Pete's Aquatics checklist
Aquarium Cycling Cheat Sheet
A quick reference for knowing when a new aquarium is ready, what to test, and what to do when ammonia or nitrite shows up with livestock in the tank.
Target Numbers
| Parameter | Goal | Action point |
|---|---|---|
| Ammonia | 0 ppm before adding livestock | Any detectable ammonia with fish or shrimp needs immediate action. |
| Nitrite | 0 ppm before adding livestock | Any detectable nitrite with livestock needs immediate action. |
| Nitrate | Present after the cycle develops | Keep it controlled with water changes, plants, and routine maintenance. |
| Temperature | Stable for your chosen livestock | Avoid swings while the tank is cycling. |
| pH | Stable | Stability matters more than chasing one perfect number. |
Fishless Cycle Checklist
- Set up the tank with filter, heater if needed, substrate, and dechlorinated water.
- Add an ammonia source.
- Test ammonia and nitrite every few days.
- Wait for ammonia to drop and nitrite to rise.
- Keep feeding the cycle until both ammonia and nitrite process back to 0 ppm.
- Confirm nitrate is present.
- Do a water change before adding livestock.
- Add fish or shrimp slowly.
Fish-In Emergency Checklist
- Test ammonia and nitrite immediately.
- Dose dechlorinator according to the label.
- Do a partial water change if ammonia or nitrite is detectable.
- Feed lightly until readings stabilize.
- Keep the filter running and do not replace all media.

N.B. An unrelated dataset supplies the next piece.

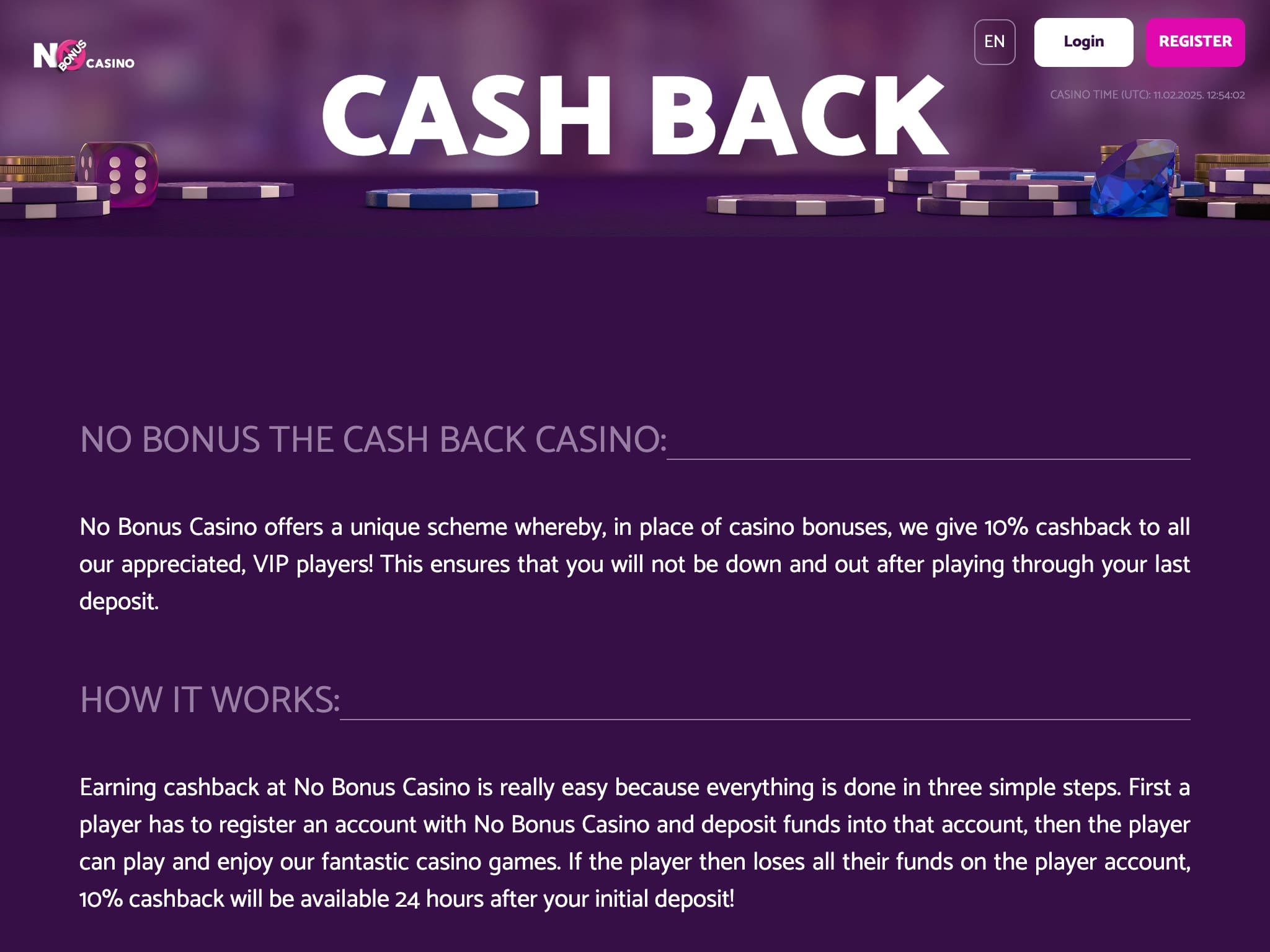 No Bonus Casino Cashback Offer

- Retest daily until ammonia and nitrite are 0 ppm.
Common Mistakes
- Replacing all filter media at once.
- Rinsing filter media in untreated tap water.
- Adding too many fish too quickly.
- Trusting clear water instead of test results.
- Chasing pH while ammonia or nitrite is the real problem.
A cycled tank is not a one-time achievement. It is a living filter. Protect it by keeping filter media wet, avoiding sudden livestock jumps, and testing whenever fish act stressed.